Подошел к одному деревцу, которое подпирала толстая палка, будто созданная, чтобы разрывать с ее помощью тонкие убогие цепочки. Вырвал. Эту палку в смысле.
Вставил в цепь (то есть цепочку, никакую не цепь) и начал медленно крутить, но все это так дьявольски скрипело, и звенело, и скрипело, что он представил, как сейчас проснется весь город или минимум весь остров, на котором стоял костел, и киоск, и деревца…
Воткнул палку в землю, снял футболку. Обмотал ею палку и цепь, – грубо, как говорила бабушка, лишь примерно, – но хотя бы перестало скрипеть, и звенеть, и скрипеть.
Он крутил палку, затягивая петлю на массивном пробое замка. Кряхтел. Заметил, как набухшие вены на руках вытягиваются и сползают в стороны.

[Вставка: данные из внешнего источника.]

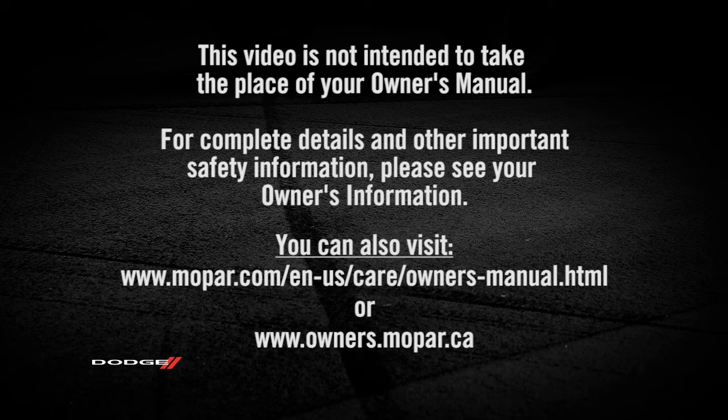This video is not intended to take the place of your Owner's Manual. For complete details and other important safety information, please see your Owner's Information.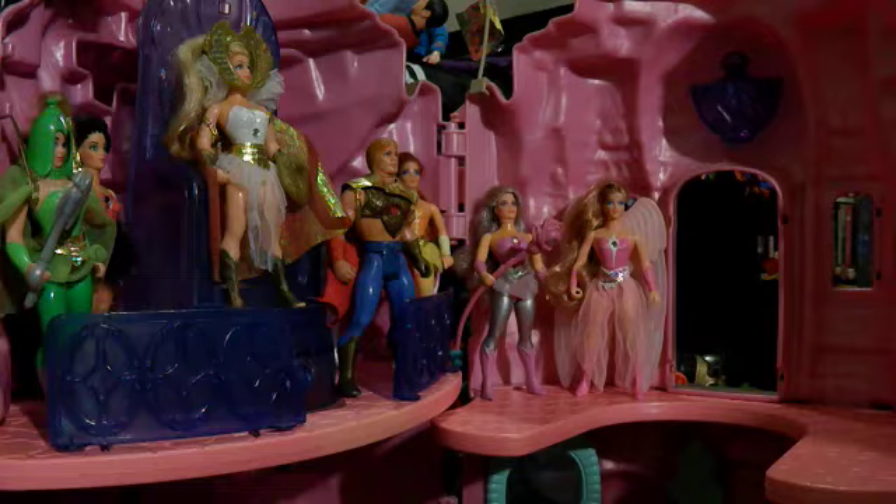I don't have all the figures, and although I have the Crystal Castle, I actually didn't have a complete one. When I bought it, it was supposed to be complete, but when I got it home, I realized some of the parts were missing — it was actually missing a window and a door. So I was not very happy.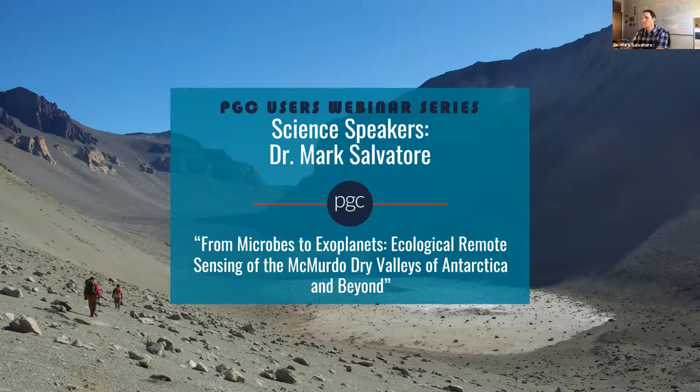Since we've hit the noon hour here in Minneapolis, Minnesota, we will get started. Welcome and thank you everyone for joining us today. We are very excited to launch our PGC Users webinar series, Science Speakers Edition, with our longtime user and friend Dr. Mark Salvatore. My name is Kathleen Torres-Parisian. I'm a PGC User Services staff member providing geospatial support, and I also lead PGC's educational and outreach efforts such as this.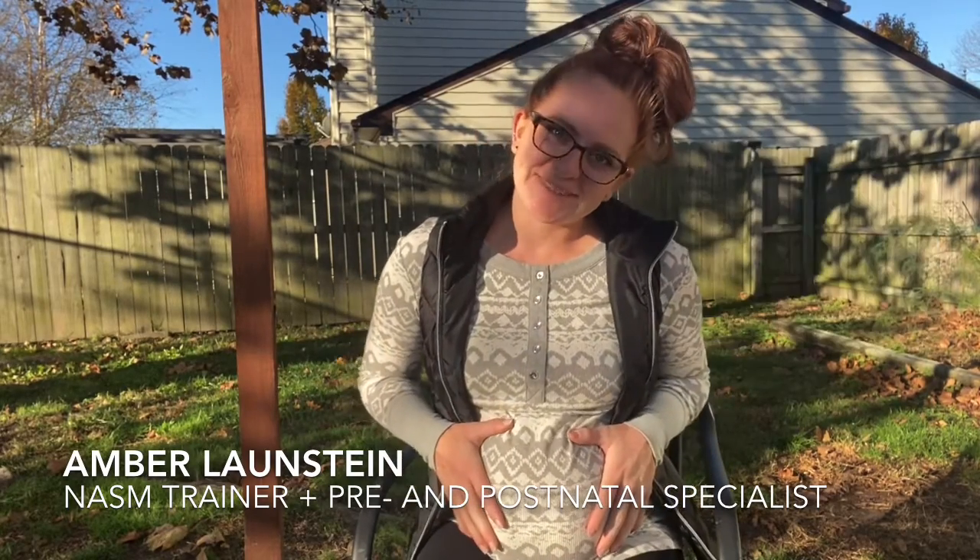Hi guys, it's Amber from Launstein Fitness. Maybe you found this video because you're pregnant like me, or maybe you are doing my current pregnancy program for fitness right off my website www.amberlaunstein.com, and one of your tips was to come check out this video on how to engage your pelvic floor. I'm also going to teach you some great tips on how to incorporate pelvic floor exercises into your everyday workouts or the workouts you're using with my program.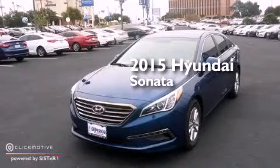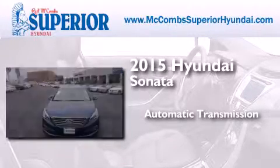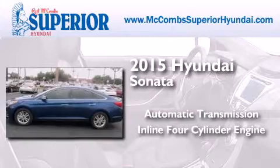This is a brand new 2015 Hyundai Sonata. This four-door sedan has an automatic transmission and an inline four-cylinder engine.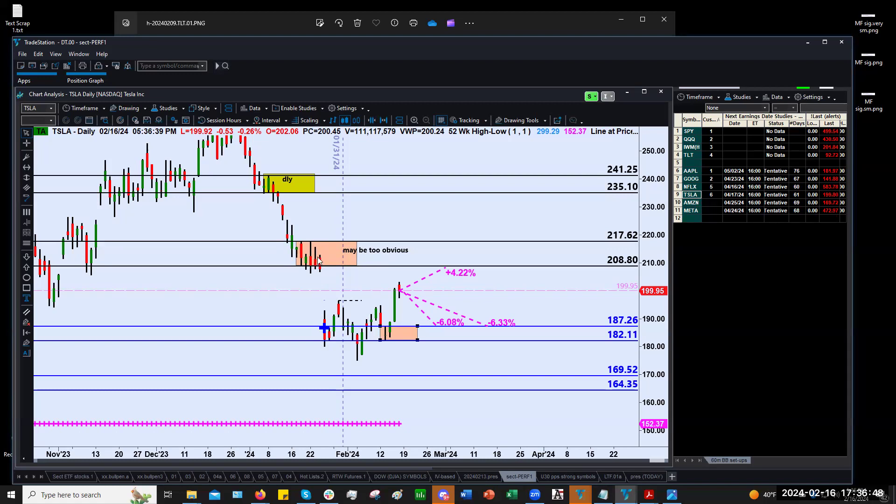I'm not really overly impressed with this demand zone either — that's about 6% down. So be cautious with Tesla overall.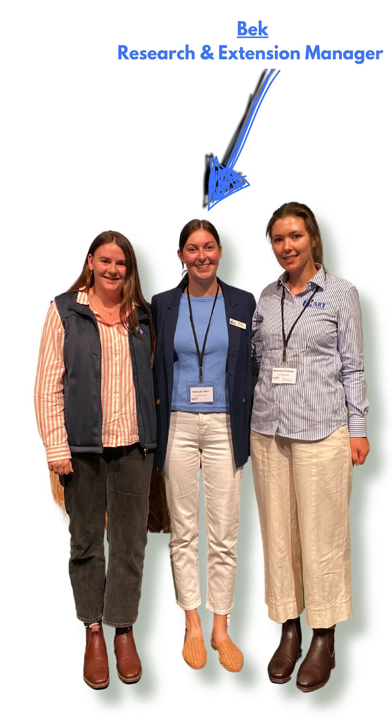I work alongside Bec, our Research and Extension Manager, and Katie, our Technical Officer.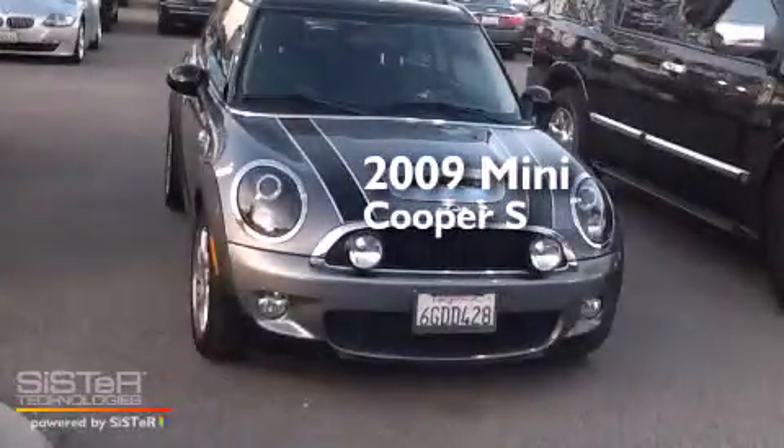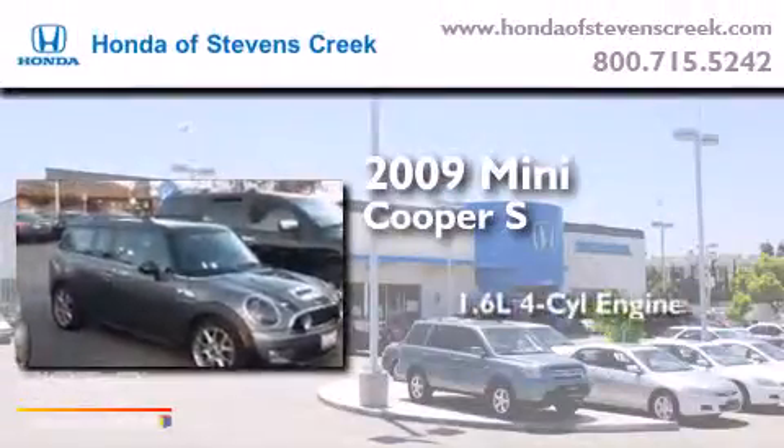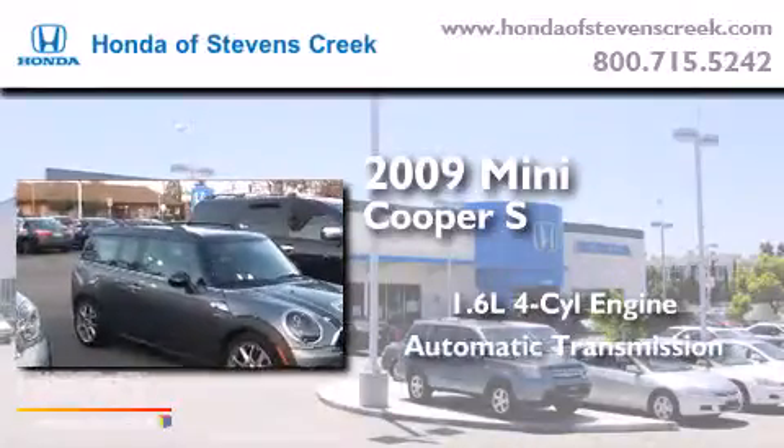This is a 2009 Mini Cooper S. It has a 1.6-liter four-cylinder engine and an automatic transmission.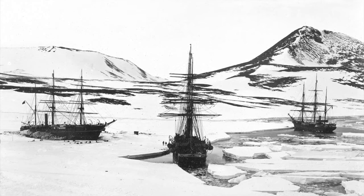The Discovery eventually broke out of the ice and the three ships returned to the north in due course. The thing I like best about this photograph is it represents the most ships that had ever been grouped together at this time in Antarctica.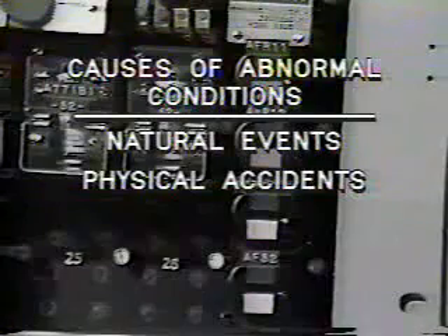But what are the causes of abnormal conditions? They're usually the consequence of one or more of the following: one, natural events; two, physical accidents; three, equipment failure; and four, misoperation. Natural events which can cause problems to power systems are lightning, wind, ice, earthquake, fire, explosions, falling trees, or flying objects.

Представил, что пробой – живое существо, он почти видел шею этого зверя, почти ощущал его панику и зловоние. Почти видел зубы, мягко погружающиеся в икры его ног. Почти чувствовал боль, разливающуюся от ног к голове и вспыхивающую внутри так, что его всего зашатало. Почти.
Стены свинарника, вернее костела, гнулись, а свет свечи, вернее уличного фонаря, становился все ярче и ярче. Когда у него перед глазами запорхали черные бабочки, зверь, вернее цепь, наконец упал в траву. Себастьян сел, прислонившись к стене, и подумал, что охотно бы сейчас закурил. А ведь он не курил.
С трудом поднялся с земли.
В боковом нефе пахло старым деревом и старыми людьми, хотя никаких людей там не было. Сам костел казался больше, чем обычно. Углы утопали в темноте. Исповедальня была прямо тут, слева. Хорошо.
Себастьян зашел в нее – не с той стороны, где стоят на коленях, а с той, где сидит ксёндз, – и удивился, что там так мало места. Звук расстегиваемой ширинки показался ему забавным.
Мочился долго: восемь кружек пива – это все-таки восемь кружек пива, и чекушка – это все-таки чекушка. Наблюдал, как моча льется по ботинкам и вытекает из исповедальни на пол.
Вышел, осмотрелся. Над головой какой-то святой с ребенком на руках. Рядом скульптуры ангелов. Обошел костел по кругу, но не обнаружил ни одного изображения Бога. Они вообще существуют? В результате остановился перед алтарем. Пришлось довольствоваться.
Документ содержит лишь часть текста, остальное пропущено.